Auf die Revision des [X.] wird das Urteil des 8. Zivilsenats des [X.] vom 24. August 2022 aufgehoben.

Die Sache wird zur neuen Verhandlung und Entscheidung, auch über die Kosten des Revisionsverfahrens, an das Berufungsgericht zurückverwiesen.

Von Rechts wegen

Tatbestand

1

Der Kläger nimmt die Beklagte wegen der Verwendung unzulässiger Abschalteinrichtungen in einem Kraftfahrzeug auf Schadensersatz in Anspruch.

2

Der Kläger kaufte am 31. März 2016 einen von der Beklagten hergestellten, gebrauchten [X.] A6 Avant 3.0 [X.], der mit einem ebenfalls von der Beklagten hergestellten [X.] (Schadstoffklasse Euro 6) ausgerüstet ist. Das Fahrzeug verfügt auch über einen SCR-Katalysator. Das [X.] ([X.]) veranlasste einen Rückruf des Fahrzeugs wegen einer unzulässigen Abschalteinrichtung.

3

Das [X.] hat die auf Zahlung von Schadensersatz nebst Zinsen sowie Feststellung des Annahmeverzugs gerichtete Klage abgewiesen. Die hiergegen gerichtete Berufung des [X.] ist erfolglos geblieben. Mit der vom Senat zugelassenen Revision verfolgt der Kläger seine Anträge weiter.

Entscheidungsgründe

4

Die Revision des [X.] hat Erfolg.

I.

5

Das Berufungsgericht hat seine Entscheidung im Wesentlichen wie folgt begründet:

6

Dem Kläger stehe kein Anspruch aus §§ 826, 31 BGB zu, denn er habe die nach § 826 BGB erforderliche vorsätzliche sittenwidrige Schädigung nicht hinreichend dargetan. In Bezug auf eine behauptete [X.] fehle es an greifbaren Anhaltspunkten, weil der Rückruf des [X.] die [X.] bei einer bestimmten Restreichweite betreffe. Die seitens der [X.] eingeräumte [X.] sei nicht grenzwertkausal und vom [X.] nicht als unzulässig beanstandet worden. Dementsprechend sei die Verwendung dieser Funktion nicht sittenwidrig. Auch die Restreichweitenerkennung und die davon abhängige Steuerung der [X.] begründe nicht die Sittenwidrigkeit. Auswirkungen des Software-Updates könnten nicht die Sittenwidrigkeit begründen. In einer Lenkwinkelerkennung liege keine Abschalteinrichtung. Die Behauptungen des [X.] zum [X.] seien als neue Angriffsmittel im zweiten Rechtszug nach § 529 Abs. 1 Nr. 2, § 531 Abs. 2 Satz 1 Nr. 3 ZPO nicht zu berücksichtigen, weil die Beklagte die konkrete Ausgestaltung in Abrede gestellt habe und überdies eine Erforderlichkeit des [X.]s zum Motorschutz behauptet habe.

7

Schließlich bestehe kein Schadensersatzanspruch gemäß § 823 Abs. 2 BGB in Verbindung mit Art. 5 Abs. 2 [X.] ([X.]) Nr. 715/2007. Dabei könne die Rechtsnatur der zuletzt genannten Vorschrift als Schutzgesetz offenbleiben. Denn jedenfalls fehle es an einem Schaden des [X.], weil die Gefahr einer Betriebsbeschränkung durch das Aufspielen des freigegebenen Software-Updates habe ausgeräumt werden können.

II.

8

Diese Erwägungen halten der Überprüfung im Revisionsverfahren nicht stand.

9

1. Zu Recht hat das Berufungsgericht allerdings eine Schadensersatzhaftung der [X.] aus §§ 826, 31 BGB verneint.

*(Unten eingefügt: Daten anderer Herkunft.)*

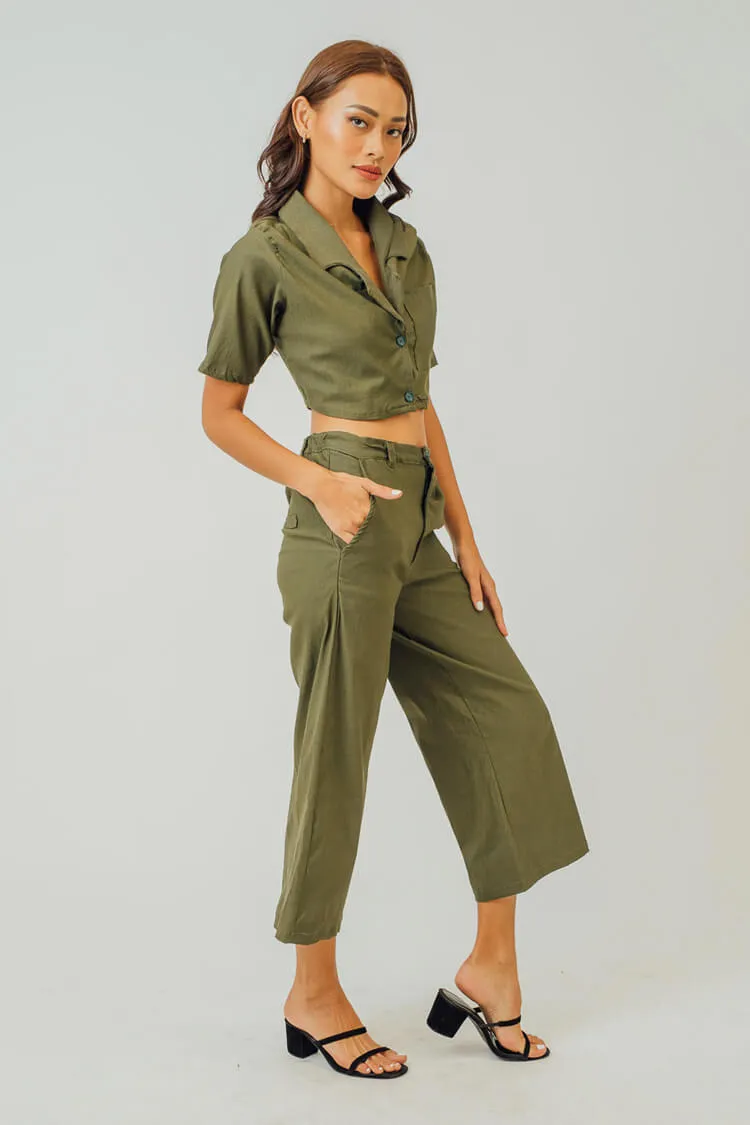 Jessie Cropped Polo and Pants Coordinates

a) In Bezug auf die als solche nicht bestrittene Verwendung eines [X.]s ergibt sich dies schon aus einer mangelnden Prüfstandsbezogenheit und dem Fehlen weiterer Umstände (vgl. [X.], Urteil vom 16. September 2021 - [X.]/20, NJW 2021, 3721 Rn. 15 ff.; Urteil vom 19. Oktober 2023 - [X.], juris Rn. 15; Beschluss vom 19. Januar 2021 - [X.], NJW 2021, 921 Rn. 16 ff.). Dementsprechend kommt es hier nicht darauf an, dass das Berufungsgericht bei seinen Ausführungen zur Präklusion neuen Vorbringens im zweiten Rechtszug nach § 529 Abs. 1 Nr. 2, § 531 Abs. 2 Satz 1 Nr. 3 ZPO nicht berücksichtigt hat, dass die Beklagte nur die behauptete Ausgestaltung des [X.]s, nicht aber die Verwendung eines [X.]s als solche bestritten hatte und dass das Vorbringen des [X.] insoweit zu berücksichtigen war, weil es unstreitig war (vgl. [X.], Urteil vom 18. November 2004 - [X.], [X.]Z 161, 138, 141 ff.; Urteil vom 6. Dezember 2004 - [X.], NJW-RR 2005, 437).

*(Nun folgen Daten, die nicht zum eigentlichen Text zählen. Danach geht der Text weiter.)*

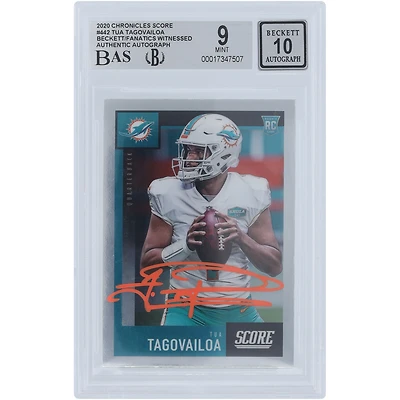 Carte de recrue 9/10 authentifiée Beckett Fanatics 2020 de Tua Tagovailoa Miami Dolphins, encre orange n° 442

b) Zutreffend hat das Berufungsgericht ferner hinsichtlich der [X.] auf die Grenzwertkausalität abgestellt. Denn bei fehlender Grenzwertkausalität bestehen keine Anhaltspunkte für eine Täuschung der Genehmigungsbehörde (vgl. [X.], Urteil vom 12. Oktober 2023 - [X.], juris Rn. 17; Urteil vom 6. November 2023 - [X.], [X.], 40 Rn. 11).

c) Richtig hat das Berufungsgericht ferner die Sittenwidrigkeit im Hinblick auf die Steuerung der [X.] mit Rücksicht auf eine bestimmte Restreichweite verneint. Insofern gelten die zur Funktion eines [X.]s angestellten Erwägungen sinngemäß.

d) Dass ein aufgespieltes Software-Update den geltend gemachten Schadensersatzanspruch nicht zu begründen vermag, folgt bereits aus dem seitens des [X.] geltend gemachten Schaden in Form der Belastung mit einem nicht gewollten Vertrag. Hierfür kann ein später aufgespieltes Software-Update nicht ursächlich sein. Hinzu kommt, dass - wie das Berufungsgericht zutreffend ausgeführt hat - ein Software-Update auch dann nicht den Vorwurf der Sittenwidrigkeit zu begründen vermag, wenn damit nicht nur die unzulässige Manipulationssoftware entfernt wird, sondern damit auch nachteilige Veränderungen einhergehen ([X.], Beschluss vom 9. März 2021 - [X.] 889/20, NJW 2021, 1814 Rn. 30).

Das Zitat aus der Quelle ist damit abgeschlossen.